The other day Joe Biden congratulated himself for stealing less of our money than he had the two years before. In his written remarks on the Consumer Price Index’s (CPI) performance in 2023, he said “At a time when growth and employment remain strong, inflation declined by two thirds from its peak but we know there’s still work to do to lower costs.”
The CPI increased 3.1% on 2023. It would have been right at four percent last year but gasoline and other energy prices dropped enough to make the difference.
Mr. Biden (or whoever wrote his script) was correct in saying the rate of inflation had fallen by two-thirds: in 2021 inflation was 9.1%; it was 7% in 2022.
Since inflation never drops prices back to where they were before, you need to multiply the amounts to get an idea of how bad things are. If, say, something cost a dollar in 2020, it cost $1.09 at the end of 2021, then 1.09 x 1.07, or $1.17 at the end of 2022, and 1.09 x 1.07 x 1.03 or $1.20 at the end of 2023.
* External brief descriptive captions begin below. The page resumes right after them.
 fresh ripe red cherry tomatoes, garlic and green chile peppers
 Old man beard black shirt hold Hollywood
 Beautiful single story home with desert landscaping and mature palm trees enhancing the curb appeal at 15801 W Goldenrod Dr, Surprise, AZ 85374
So inflation has raised prices 20% since Joe Biden was inaugurated. That means in addition to paying taxes that equal about 30% of everything you make, the government has conspired to take another 20% on top of that. And there are no deductions or tax credits for inflation. If taxation is theft by another name—after all, you must pay someone money or go to jail—then inflation is armed robbery.
Some people with a lack of imagination still blame inflation on greedy businessmen, the targets of Marxists for 150 years. Perhaps they still believe these guys take their profits to the bank in giant cloth bags with dollar signs on them, too.
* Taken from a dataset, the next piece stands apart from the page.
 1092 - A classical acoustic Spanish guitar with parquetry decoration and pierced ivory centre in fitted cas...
Yes, businessmen are technically greedy, since they want to make more money next year than they did this year. Executives at publicly-owned companies must increase profits year-to-year to hold up the stock price, or they’ll be fired. But if simple greed causes inflation, why doesn’t my local supermarket raise the price of a loaf of bread to ten bucks and laugh all the way to the bank?
Because, of course, other businessmen are greedy too. They would be willing to sell that bread for $9.50 and still make huge profits. Others would cut the price further until finally bread is being sold for the cost of making it plus enough profit to keep the grocery store in business until next year. That’s what free enterprise and competition do.
Sadly, government allows no competition. If it did, I’d immediately set up “Discount Dave’s Cheap-o Government,” offer lower taxes and stop sending billions to corrupt bosses in Ukraine. Instead our monopoly government produces the money that we are forced to use as legal tender and if it spews out more of it to finance massive budget deficits, we have to accept it even as its value plunges. A hundred years ago twenty dollars was worth an ounce of gold; today it’s closer to 2,000.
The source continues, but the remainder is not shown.